At a mahvelous party last night, I remarked that 'Get your sausage while it's hot' (which in context was a perfectly innocuous thing to say) could perfectly well constitute a companion piece to Bessie Smith's culinary blues 'No-one in town can bake a sweet jelly roll like mine':


I then realised I had not alerted my invisible friends in the plastic box to Crosby's Molasses series of suggestive old ladies ads, recently drawn to my attention.
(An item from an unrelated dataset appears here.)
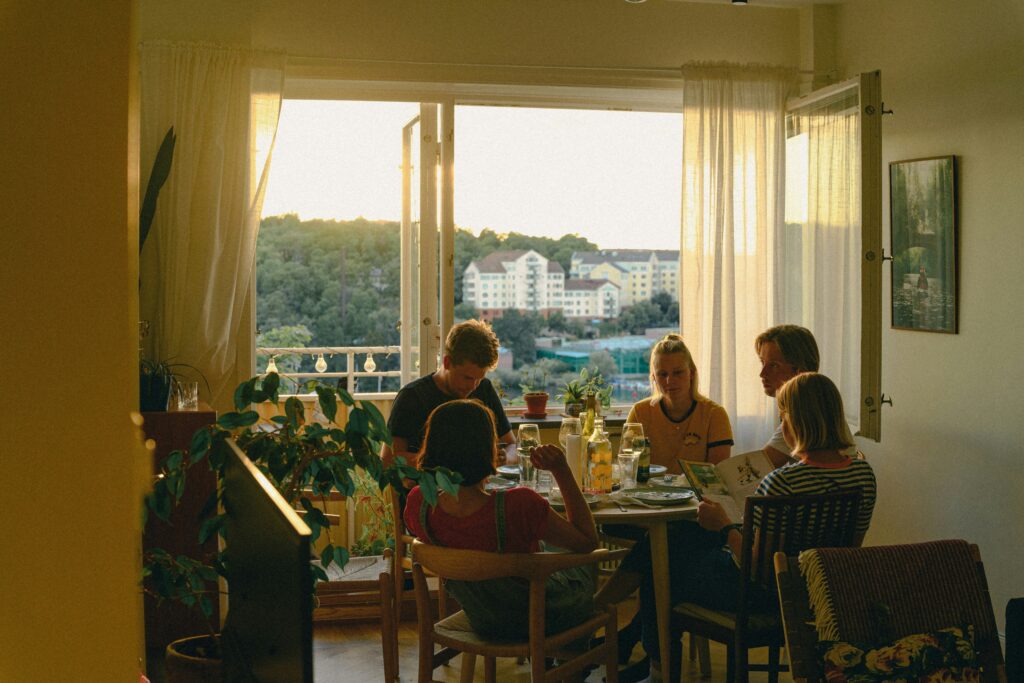 Friends sharing a meal in a sunlit apartment, demonstrating the intimate spaces people connect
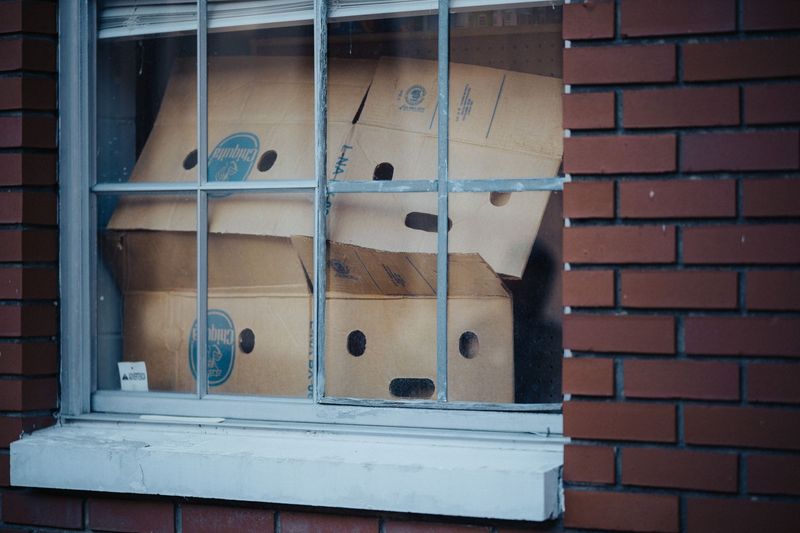 Junk removal professional carefully carrying an old household appliance from a Boise home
Which evoked the thought 'How is it that they never made Carry On Cooking?' Hattie Jacques suggesting Kenneth Williams tries a crumpet or two; Barbara Windsor presenting Sid James with a couple of baps... it pretty much writes itself.

oursin: Brush the Wandering Hedgehog by the fire (Default)

Robert McCrum is surprisingly non-poncey in Fifty things I've learned about the literary life.

I particularly like:

20. Literary fiction is like sci-fi. It's a genre.*
15. You don't have to read every book you buy, and you certainly don't have to finish the book you've started.
34. Lists are the curse of the age.
38. Ebooks are not the end of the world.
42. No one is obliged to like Robert Musil's The Man Without Qualities.**

*I think this should be no 1
** That is a relief, as I have a paperback I bought in 197x languishing somewhere in the great book morass, still unread.

[W]e ask whether the internet is actually changing the way our minds work and Aleks Krotoski comes up with some surprisingly non-panicky or gosh-wow reactions:

'[T]here's no definitive answer and a whole lot of contradictory evidence
....
Many of the claims are a synthesis of hunches, agendas, anecdotal evidence and a response to the general paranoia that dogs us when faced with something unknown
....
[N]ew technologies – whether the printing press, the telegraph, the railway or the web – produce exactly the same concerns about our cognitive capabilities. How quickly we forget.

There has not been enough time to address whether the web is actually rewiring our brains; it will be a few years before any longitudinal studies can offer evidence one way or another
....
[T]he web is not doing anything to us; that it merely presents us with a mirror that challenges us to face ourselves.

Culinary

Dec. 18th, 2011 09:21 pm
oursin: Frontispiece from C17th household manual (Accomplished Lady's Delight)

Saturday breakfast rolls: the basic soft rolls recipe, with white and wholemeal spelt flour (3:2) and toasted pinenuts.

Beside putting together the Famous Aubergine Dip during the week (because it improves with keeping a few days) I made a foccacia (the Blake/Collister Bread Book recipe) to take to a party (*waves at everyone I saw there*).

Today's lunch: dab fillets brushed with milk and dipped in cornmeal seasoned with zatar mix, panfried in butter and served with cut limes, with asparagus healthy-grilled in walnut oil and sprinkled with balsamic vinegar and samphire stirfried with garlic and star anise.

This week's bread: Greenstein's Psomi Loaf, with Waitrose Toasted Seed Mixture.